### AIM OF THE EXERCISE
Among the lines below, restate word for word only those from the line with "So now you know" through the line with "On the right", with both end lines kept.

Start of DATA FOR THIS TASK

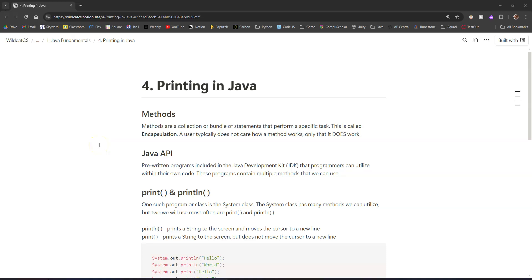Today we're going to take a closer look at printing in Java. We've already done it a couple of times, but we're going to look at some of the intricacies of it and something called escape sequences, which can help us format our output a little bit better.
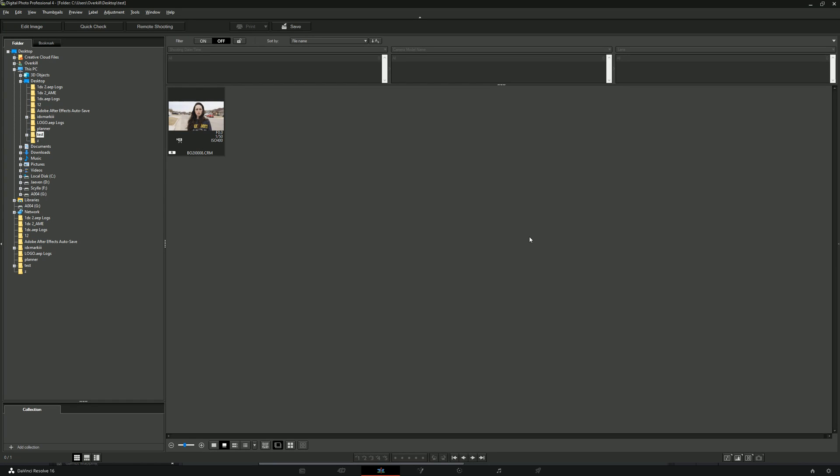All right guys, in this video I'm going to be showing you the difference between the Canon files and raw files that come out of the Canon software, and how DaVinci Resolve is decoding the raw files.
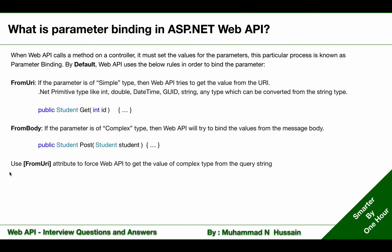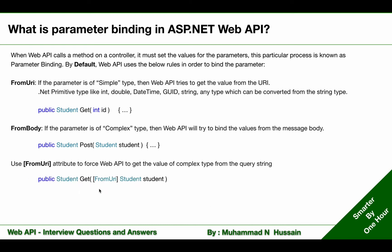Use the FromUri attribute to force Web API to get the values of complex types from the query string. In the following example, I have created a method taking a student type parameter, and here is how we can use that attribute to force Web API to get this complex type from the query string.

End of DATA FOR THIS TASK
Start of DATA FOR THIS TASK

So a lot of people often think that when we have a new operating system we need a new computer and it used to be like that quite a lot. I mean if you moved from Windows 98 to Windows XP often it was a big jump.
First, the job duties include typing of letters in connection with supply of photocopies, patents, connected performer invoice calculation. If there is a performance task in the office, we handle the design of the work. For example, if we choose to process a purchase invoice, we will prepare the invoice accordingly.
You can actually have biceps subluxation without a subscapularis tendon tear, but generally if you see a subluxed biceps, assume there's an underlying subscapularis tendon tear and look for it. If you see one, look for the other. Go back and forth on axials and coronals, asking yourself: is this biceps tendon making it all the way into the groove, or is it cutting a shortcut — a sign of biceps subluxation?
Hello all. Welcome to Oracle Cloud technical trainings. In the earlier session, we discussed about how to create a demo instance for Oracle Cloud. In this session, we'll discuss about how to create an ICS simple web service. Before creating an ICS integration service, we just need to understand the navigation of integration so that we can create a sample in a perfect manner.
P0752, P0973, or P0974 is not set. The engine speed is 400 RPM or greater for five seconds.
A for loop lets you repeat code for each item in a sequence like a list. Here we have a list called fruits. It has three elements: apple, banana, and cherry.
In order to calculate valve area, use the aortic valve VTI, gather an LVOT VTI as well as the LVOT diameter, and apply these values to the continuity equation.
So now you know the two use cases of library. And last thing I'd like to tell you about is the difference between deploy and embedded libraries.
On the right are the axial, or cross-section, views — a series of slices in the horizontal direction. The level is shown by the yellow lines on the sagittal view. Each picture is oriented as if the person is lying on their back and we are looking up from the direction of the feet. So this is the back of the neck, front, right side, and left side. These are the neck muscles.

End of DATA FOR THIS TASK

### RESULT OF THE TASK
So now you know the two use cases of library. And last thing I'd like to tell you about is the difference between deploy and embedded libraries.
On the right are the axial, or cross-section, views — a series of slices in the horizontal direction. The level is shown by the yellow lines on the sagittal view. Each picture is oriented as if the person is lying on their back and we are looking up from the direction of the feet. So this is the back of the neck, front, right side, and left side. These are the neck muscles.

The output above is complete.